Deloitte’s 2023 summer travel survey, released Tuesday, found that average spending on “marquee” trips this year is expected to decline to $2,930 from $3,320 a year ago. Tighter budgets are a factor, he says.
Wendy Marley is no economics teacher, but says she’s spent a lot of time this year refreshing clients on the basics of supply and demand.
The AAA travel adviser, who works in the Boston area, says the lesson comes up every time a traveler with a set budget requests help planning a dreamy summer vacation in Europe.
“They’re just having complete sticker shock,” she says.
Marley has become a pro at Plan B destinations for this summer.
For one client celebrating a 25th wedding anniversary with a budget of $10,000 to $12,000 for a five-star June trip, she switched their attention from the pricey French Riviera or Amalfi Coast to a luxury resort on the Caribbean island of St. Barts.
To Yellowstone fans dismayed at ticket prices into Jackson, Wyo., and three-star lodges going for six-star prices, she recommends other national parks within driving distance of Massachusetts, including Acadia National Park in Maine.
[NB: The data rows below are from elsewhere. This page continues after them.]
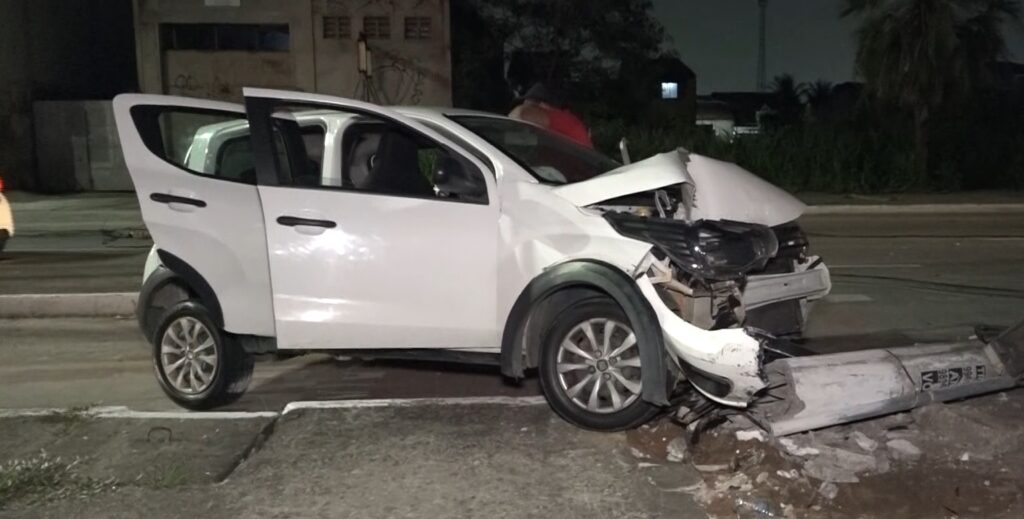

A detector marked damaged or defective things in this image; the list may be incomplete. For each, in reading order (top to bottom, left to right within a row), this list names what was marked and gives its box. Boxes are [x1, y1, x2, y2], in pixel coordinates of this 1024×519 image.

crushed car hood [552, 148, 808, 225]
broken headlight [608, 213, 776, 282]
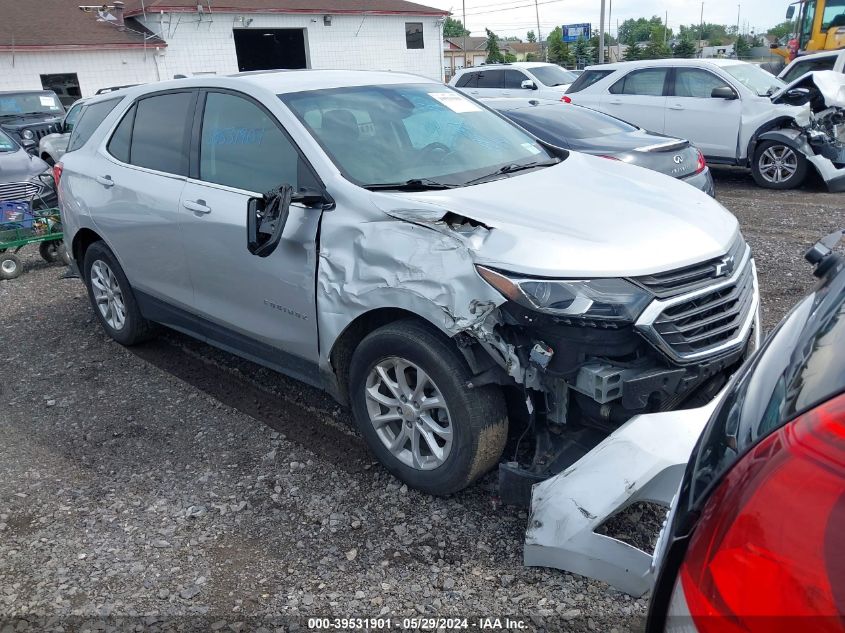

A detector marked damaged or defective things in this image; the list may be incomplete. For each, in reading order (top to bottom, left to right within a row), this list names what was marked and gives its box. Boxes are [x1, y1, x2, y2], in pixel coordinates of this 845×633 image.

severe front damage [768, 71, 844, 190]
damaged door [181, 89, 324, 380]
crumpled passenger fender [524, 392, 724, 596]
For clients who love the all-inclusive nature of cruising but don’t want to shell out for plane tickets to Florida, she’s been booking cruises out of New York and New Jersey.
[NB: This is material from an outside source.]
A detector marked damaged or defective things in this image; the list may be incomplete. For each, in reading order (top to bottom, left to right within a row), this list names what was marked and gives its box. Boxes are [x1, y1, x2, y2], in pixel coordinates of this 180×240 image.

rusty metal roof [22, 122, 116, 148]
Not all of Marley’s clients are tweaking their plans this summer.
Michael McParland, a 78-year-old consultant in Needham, Mass., and his wife are treating their family to a luxury three-week Ireland getaway. They are flying business class on Aer Lingus and touring with Adventures by Disney. They initially booked the trip for 2020, so nothing was going to stand in the way this year.
McParland is most excited to take his teen grandsons up the mountain in Northern Ireland where his father tended sheep.
“We decided a number of years ago to give our grandsons memories,” he says. “Money is money. They don’t remember you for that.”
Chima Enwere, a 28-year old piano teacher in Fayetteville, N.C., is also headed to the U.K., but not by design.
Enwere, who fell in love with Europe on trips the past few years, let airline ticket prices dictate his destination this summer to save money.
He was having a hard time finding reasonable flights out of Raleigh-Durham, N.C., so he asked for ideas in a Facebook travel group. One traveler found a round-trip flight on Delta to Scotland for $900 in late July with reasonable connections.
He was budgeting $1,500 for the entire trip—he stays in hostels to save money—but says he will have to spend more given the pricier-than-expected plane ticket.
“I saw that it was less than four digits and I just immediately booked it without even asking questions,” he says.